One obstacle to the prospective marriage was steadily diminishing in magnitude; Miss Barrett, with a new joy in life, new hopes, new interests, gained in health and strength from month to month. The winter of 1845-46 was unusually mild. In January one day she walked—walked, and was not carried—downstairs to the drawing-room. Spring came early that year; in the first week of February lilacs and hawthorn were in bud, elders in leaf, thrushes and white-throats in full song. In April Miss Barrett gave pledges of her confidence in the future by buying a bonnet; a little like a Quaker's, it seemed to her, but the learned pronounced it fashionable. Early in May, that bonnet, with its owner and Arabel and Flush, appeared in Regent's Park, while sunshine was filtering through the leaves. The invalid left her carriage, set foot upon the green grass, reached up and plucked a little laburnum blossom ("for reasons"), saw the "strange people moving about like phantoms of life," and felt that she alone and the idea of one who was absent were real—"and Flush," she adds with a touch of remorse, "and Flush a little too." Many drives and walks followed; at the end of May she feloniously gathered some pansies, the flowers of Paracelsus, and this notwithstanding the protest of Arabel, in the Botanical Gardens, and felt the unspeakable beauty of the common grass. Later in the year wild roses were found at Hampstead; and on a memorable day the invalid—almost perfect in health—was guided by kind and learned Mrs Jameson through the pictures and statues of the poet Rogers's collection. On yet another occasion it was Mr Kenyon who drove her to see the strange new sight of the Great Western train coming in; the spectators procured chairs, but the rush of people and the earth-thunder of the engine almost overcame Miss Barrett's nerves, which on a later trial shrank also from the more harmonious thunder of the organ of the Abbey. Sundays came when she enjoyed the privilege of sitting if not in a pew at least in the secluded vestry of a Chapel, and joining unseen in those simple forms of prayer and praise which she valued most. Altogether something like a miracle in the healing of the sick had been effected.

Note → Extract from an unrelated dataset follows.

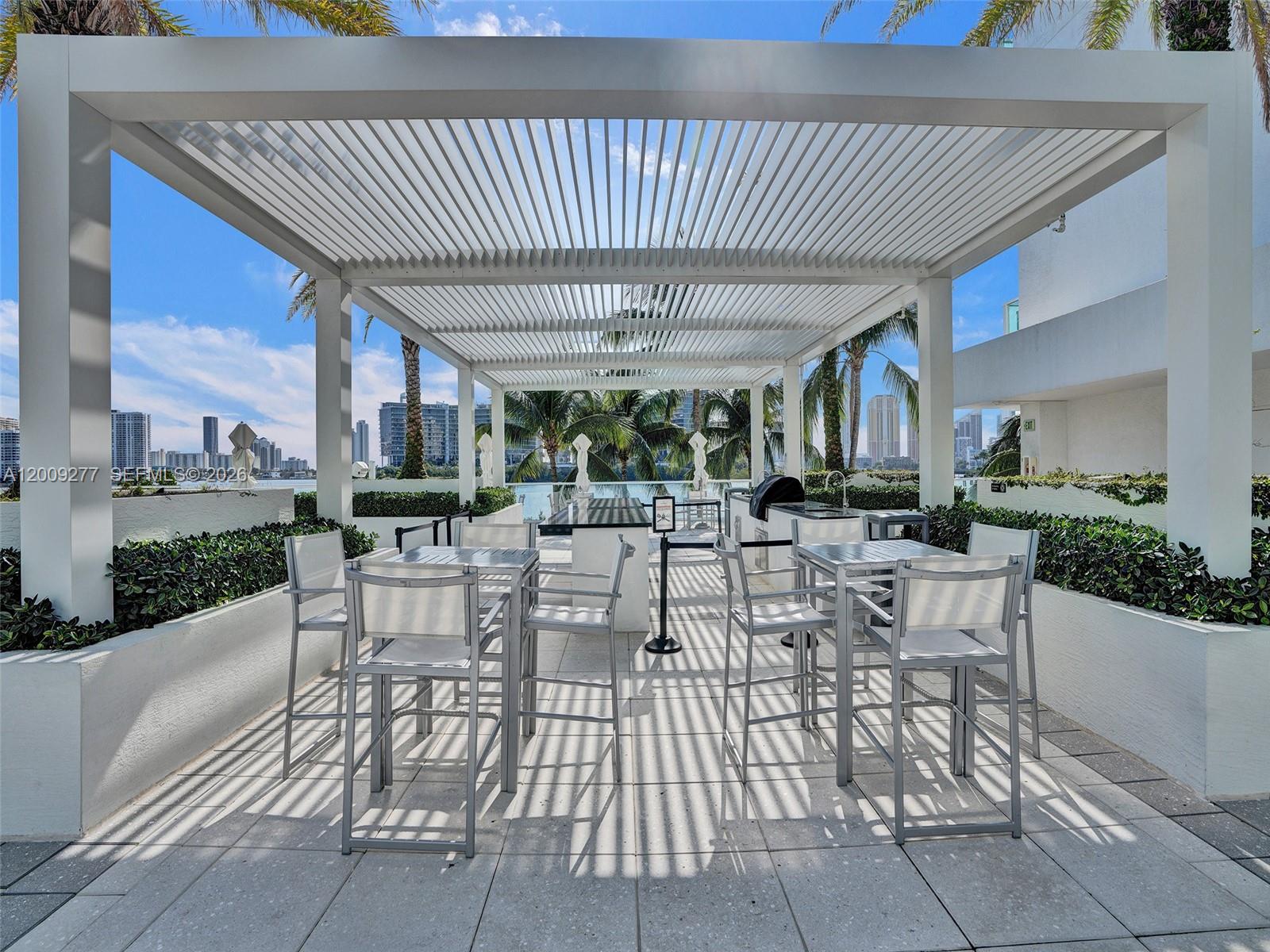 THE PENINSULA CONDO - Residential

Money difficulty there was none. Browning, it is true, was not in a position to undertake the expenses of even such a simple household economy as they both desired. He was prepared to seek for any honourable service—diplomatic or other—if that were necessary. But Miss Barrett was resolved against task-work which might divert him from his proper vocation as a poet. And, thanks to the affection of an uncle, she had means—some £400 a year, capable of considerable increase by re-investment of the principal—which were enough for two persons who could be content with plain living in Italy. Browning still urged that he should be the bread-winner; he implored that her money should be made over to her own family, so that no prejudice against his action could be founded on any mercenary feeling; but she remained firm, and would consent only to its transference to her two sisters in the event of his death. And so the matter rested and was dismissed from the thoughts of both the friends.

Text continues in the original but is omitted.